Week 12: Colts at Browns
Bill Polian, in his 11th season as Colts president, has a resume unique in the NFL. One of two men to win NFL Executive of the Year five times, Polian in the 1980s built the Buffalo Bills into a four-time Super Bowl participant. In the mid-1990s, he built the expansion Carolina Panthers into a team that made the NFC Championship Game in its second season, 1996. Since joining Indianapolis in 1998, he built the Colts from a 3-13 team in 1997 and 1998 into one that has made the playoffs eight of the last nine seasons, including an AFC Championship Game appearance after the 2003 and 2006 seasons, AFC South titles in 2003, 2004, 2005, 2006 and 2007 and a Super Bowl championship following the 2006 season. Each week during the season, in The Polian Corner, Polian and Colts.com will discuss issues pertinent to the Colts and the rest of the NFL.
Question: A 23-20 victory over the San Diego Chargers in San Diego, Cal., on Sunday. This was yet another memorable game in what has been a memorable series . . .
Answer: It was certainly an exciting game. I'm sure the people at NBC loved it. They like for us to be on, I guess, on Sunday night. I wish it weren't all the way across the country, but that's the way it goes. It was an exciting game between two very good football teams with a lot of close plays and a lot of exciting plays. Our special teams unit did a phenomenal job keeping (running back) Darren Sproles in check. (Colts rookie safety) Jamie Silva made an incredible play on a kickoff where it looked like they might get it out. Jamie came through a block and made a tackle to keep Sproles locked up. We covered punts well. We punted exceptionally well. We, in fact, won the field-position battle, which against a team with a punter like that and a return man like Sproles is just outstanding. We did the job there on the road against a very, very difficult group, which was a great credit to our special teams and everyone involved with that. Then, of course, (Colts defensive end) Robert Mathis forcing the fumble at end of what was really our worst defensive series really was a turning point in the game because we got a score out of that. When you have teams that are so evenly matched as these two teams are, those kinds of plays make a difference.
Q: You were adamant before the game the Colts had to win the special teams battle to beat San Diego . . .
A: We did. We got great kickoff returns. We got great blocking on our kickoff returns. On the second one, we came within an eyelash of going all the way, but that will come. That will come. That's a good thing to see. We covered exceptionally well and we kicked exceptionally well, including the 51-yard field goal to win it, which had to feel good for (kicker) Adam (Vinatieri) after what happened there last year. It was almost ironically enough the very same situation – a crazy ruling from the eye in the sky inside two minutes on a first down that had been awarded to us on the field. That's why people watch the National Football League. It's as simple as that. Try as you might, there's nothing you can do to negate the great skill of the athletes, the incredible competition, the level of competition, the performance under pressure – (rookie center) Jamey Richard being a prime example of that. He stepped in against the best nose tackle in the league and handled himself quite well in a very difficult situation. This is one of those games where you'd say, 'Well, it's a shame anybody lost.' There are a lot of those in the National Football League. I'm glad we came out on top of it.

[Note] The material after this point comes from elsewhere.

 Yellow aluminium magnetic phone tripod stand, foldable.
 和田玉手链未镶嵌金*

Q: Review the 4th-and-inches call by the Colts that produced the 14-yard pass to wide receiver Marvin Harrison, if you will. The play set up the game-winning field goal. It was quite a call in that situation . . . There was a timeout to measure, which may have helped.

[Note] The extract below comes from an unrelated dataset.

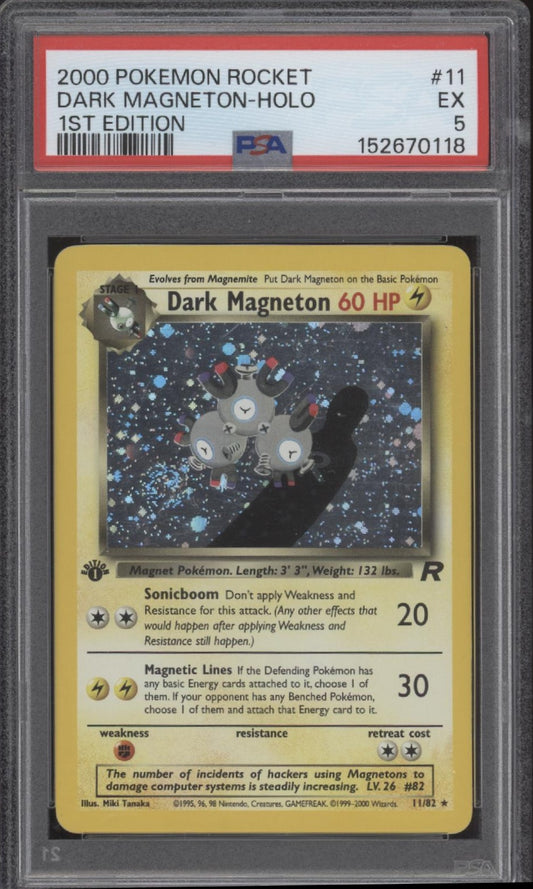 Dark Magneton Pokemon Team Rocket Holo 1st Edition #11 PSA 5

A: It did, in the sense that we had time to think it through and say, 'Well, what are we looking for here? Well, we're looking to get into field-goal range.' We felt we had a play that would work. Interestingly enough, it probably goes down to the five-yard line or is a touchdown if there isn't leakage. (Colts quarterback) Peyton (Manning) had to throw it off of his back foot, so the ball was a little short. If he was able to get it out there, (wide receiver) Marvin (Harrison) was going to run all the way down there, maybe into the end zone. As it turned out, we completed it – a great catch by Marvin and a great throw by Peyton. That put is in a position where we had enough confidence in Vinny (Colts kicker Adam Vinatieri) to go ahead and kick the field goal and win the game. The delay helped us in the sense that we had time to discuss what play we wanted to call in that situation and we dialed up the right one. Everybody executed under a lot of duress and we were able to win the game. The shame of it would have been had we lost the game because of a ruling of that magnitude. I don't know how they determined what they determined. It's beyond me. I'm incapable with my own eyes of making that judgment, so I don't know how the official did. It helped us, because we had time to discuss the play and we obviously executed it.

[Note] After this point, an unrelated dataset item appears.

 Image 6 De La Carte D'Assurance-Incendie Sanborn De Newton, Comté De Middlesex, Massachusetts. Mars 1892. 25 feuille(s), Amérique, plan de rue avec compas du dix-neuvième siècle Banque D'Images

Q: The Colts are approaching a stretch against teams whose records aren't as good as those of the teams they have just played. Do you approach things any differently coming up?
A: The secret to winning the rest of the way, however long we go, is why we have won these last few games, and that is to concentrate solely on the next opponent, not worry about what anyone else is doing and not worry about what prognostications are made, and not worry about where the playoff race may or may not be going or what game may be important a month from now. None of that has any meaning whatsoever. It's fun to talk about and it's fun to ruminate on and it's fun to pontificate on. That's great. That's why people are involved in the game, but it has absolutely zero effect on us. What we have to do is to prepare for the Cleveland Browns. They have handed the New York Giants – arguably the best team in football – their only loss and they're capable of playing very, very well. They're capable of running the football. They, too, have a big front three and front seven. They're another 3-4 team, which in the end is probably a blessing in disguise because we've played it so much, but it's still difficult to do with a big, big nose man who some people feel is as good as (Chargers nose tackle) Jamal (Williams). If there's anybody better than him (Williams), I'd be surprised, but they're good. (Browns nose tackle) Shaun Rogers is a good player and they have (veteran linebacker) Willie McGinest – a lot of people we know well. They're a veteran defense. We have our hands full. We can't think about anything other than that. That's what got us to where we are now. We have to maintain that specific attitude that, 'Hey, next week is the only week that counts.'
Q: Vinatieri's game-winner came from 51 yards away. Both he and Chargers kicker Nate Kaeding were making 55- and 60-yarders in warm-ups . . .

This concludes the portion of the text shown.